What the exercise asks:
In the records below, find the line with "A ladder is" and the line with "Vienna, Austria - April"; return exactly those lines and every line between them.

Available data:
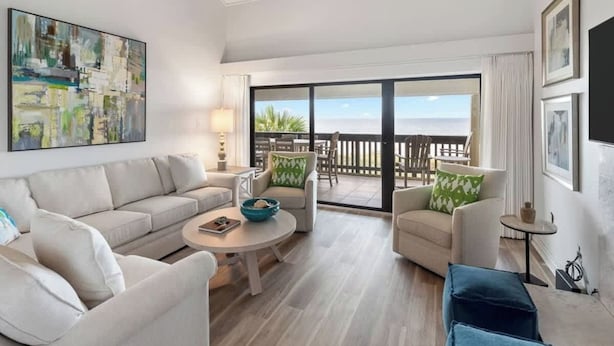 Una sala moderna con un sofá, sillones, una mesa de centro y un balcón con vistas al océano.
==
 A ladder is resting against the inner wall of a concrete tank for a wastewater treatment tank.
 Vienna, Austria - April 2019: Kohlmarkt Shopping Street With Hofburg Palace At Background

Answer space:
 A ladder is resting against the inner wall of a concrete tank for a wastewater treatment tank.
 Vienna, Austria - April 2019: Kohlmarkt Shopping Street With Hofburg Palace At Background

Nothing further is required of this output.